Since joining CNN as an intern in Atlanta in 2008, Wilkinson has performed several newsdesk roles and has worked in more than 20 countries. He has travelled extensively with CNN anchor Max Foster on tours with the British royal family to places including Pakistan, Cuba, Angola and New Zealand. In his work with Foster, he has also produced several exclusive interviews, including with Prince Charles (now King Charles) and The Duchess of Cambridge (now The Princess of Wales). He has also covered major international summits, elections, royal weddings and U.S. Presidential visits, as well as leading CNN’s field operations from the World Economic Forum in Davos in 2016 and 2017.
Wilkinson supervised the network’s years-long preparation for coverage of the death of the late Queen Elizabeth II, in collaboration with the US-based Special Events team. He guided editorial and managed the deployment of more than 110 staff across twelve locations on the day of the funeral.

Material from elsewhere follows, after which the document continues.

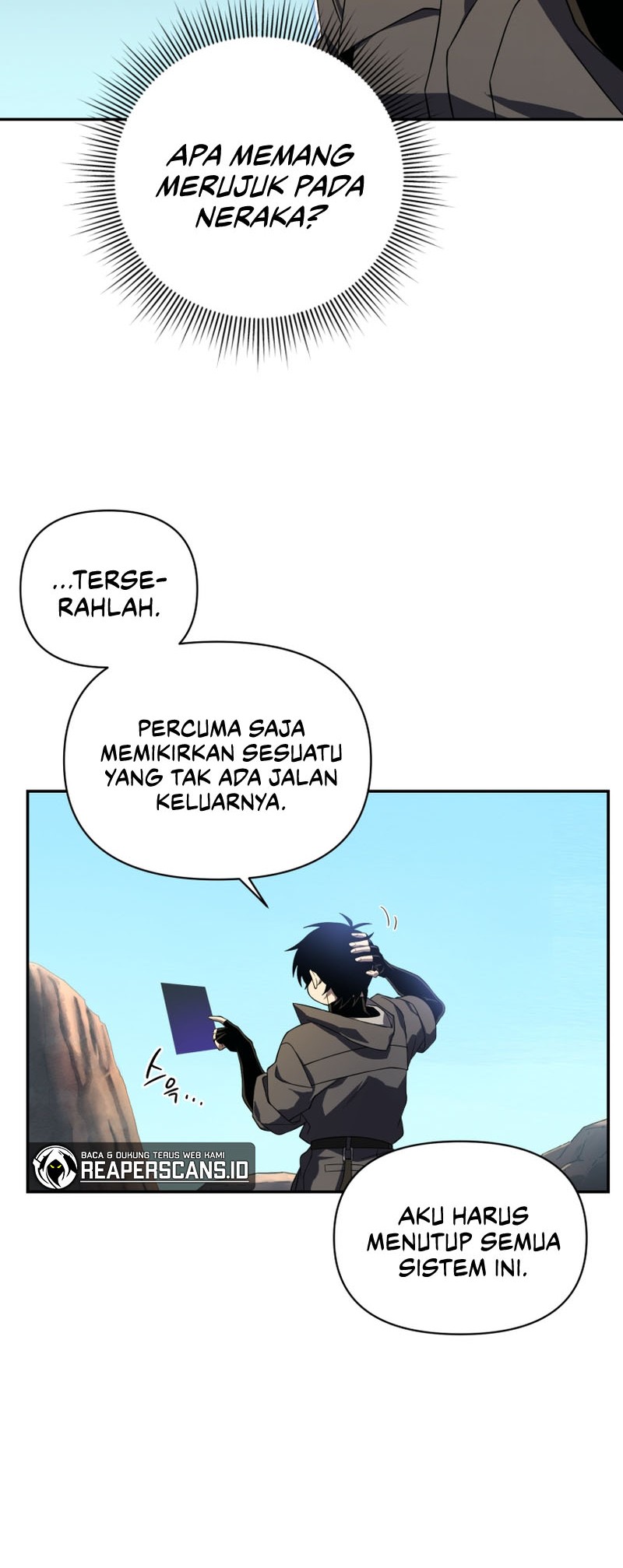 Player Who Returned 10,000 Years Later Chapter 30 - halaman 5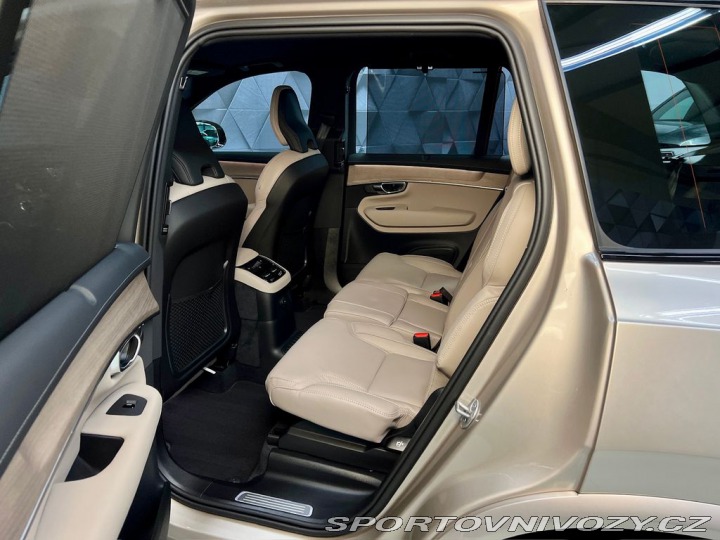 Volvo Ostatní modely XC90 T8 AWD PLUS DARK, CHARCOA 2026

In 2022, he conducted CNN’s planning for Russia’s impending invasion of Ukraine, then played a key role in directing breaking news deployments, involving more than 250 staff working from Ukraine, Russia and surrounding countries in the months after the war began. The complicated logistical preparations, safety considerations and casting of editorial staff all shaped CNN’s coverage, for which Wilkinson and colleagues received the prestigious DuPont-Columbia Award in New York.
Wilkinson earned a BSc (hons) in Geography from the University of St Andrews in 2007, before spending a year at Emory University in Atlanta as a recipient of the Bobby Jones Scholarship. He later gained an MA with Distinction in Broadcast Journalism from City University in London.
He is originally from Cumbria in northern England, but now lives with his wife and two daughters in Surrey.